Answer to a question from a reader

Should I wait for the spousal permit to be extended before informing Home Affairs that we are divorced?

The short answer

The court ordered that a foreign ex-spouse should be allowed to live and work in the country to discharge parental duties.

The whole question

Dear Athalie

What happens to the extension of the spousal visa that my partner applied for on 1 April 2022, which is still being processed by Home Affairs, and to their application for permanent residence which they applied for on 17 June 2022, which is also still being processed, now that I am in the process of divorcing them? As it is a religious marriage, I am waiting for an appointment with the Muslim Judicial Council to sign a divorce certificate. I am not sure whether to wait for the spousal permit to be extended before informing Home Affairs that we are divorced. We have an eleven-year-old daughter and we have lived together for eleven years and married for two years.

The long answer

Divorce Laws explains that the default position of Home Affairs is based on section 43(a) of the Immigration Act  which says that  

“A foreigner shall –

abide by the terms and conditions of his or her status, including any terms and conditions attached to the relevant visa or permanent residence permit, as the case may be, by the Director-General upon its issuance, extension or renewal, and that status shall expire upon the violation of those terms and conditions.”
 
In practice, Divorce Laws says, this means that where the foreign husband or life partner has one or more visas that connect and restrict his temporary residence to being in South Africa in order to “accompany” his wife, that visa will certainly “lapse” on the date of the divorce.  

Permanent residence is granted under section 26(b) of the Immigration Act which states:

“… the Director-General may issue a permanent residence permit to a foreigner who has been the spouse of a citizen or permanent resident for five years and the Director-General is satisfied that a good faith spousal relationship exists:  Provided that such permanent residence permit shall lapse if at any time within two years from the issuing of that permit the relationship no longer exists, except in the case of death;”

According to a 2020 article by Bregman Moodley Attorneys
“In terms of section 26(b) there would be no impact on the permanent residence (and subsequent green ID) if the relationship ended more than two years after the permanent residence was issued.  If it ends within the two-year period, either party could inform the Department of Home Affairs, but it is usually the South African citizen / initial permanent residence permit holder spouse that the application had been made under, who attends at a regional office to inform immigration inspectorate of the breakdown of the relationship on affidavit.

The inspectorate will then contact the foreign national to appear before them and the information will be forwarded to the office of the Director-General.  As it is at the Director-General’s discretion, there have been cases where the permanent residence was not withdrawn, despite the end of the relationship, e.g. if there are minor children who would benefit from having the foreign national parent to remain in the country.”

But generally, when the spousal visa or permanent residence lapses or is withdrawn, the foreign national automatically becomes an “Illegal foreigner”.  

Chris Watters Attorneys says that the least difficult scenario is when the couple have not yet divorced and the foreign spouse is on a valid temporary residence spousal visa.
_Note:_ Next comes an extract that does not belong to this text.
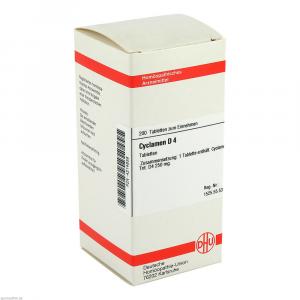 CYCLAMEN D 4 Tabletten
In that case, the foreign spouse would need to apply urgently to change the status of their spousal visa to whatever other category of visa they might qualify for. This visa application, he says, might require that the foreign spouse first apply for a special dispensation from the Minister to allow them to meet the requirements of the visa, given their specific circumstances.  

Chris Watters goes on to say that if the foreign spouse’s visa has lapsed as a result of the divorce, then, if the foreign ex-spouse wishes or needs to remain in South Africa, their first step will be to seek “legalization”. If that is approved, they can then start with the visa application process.  However, he says that getting that legalization is often a challenge in its own right.  This is because in terms of Regulation 30(1)(a) to the Act, the test to be satisfied is that the foreign ex-spouse must:

“ . . . demonstrate, in writing, to the satisfaction of the Director-General that he or she was unable to apply for such status for reasons beyond his or her control; . . .”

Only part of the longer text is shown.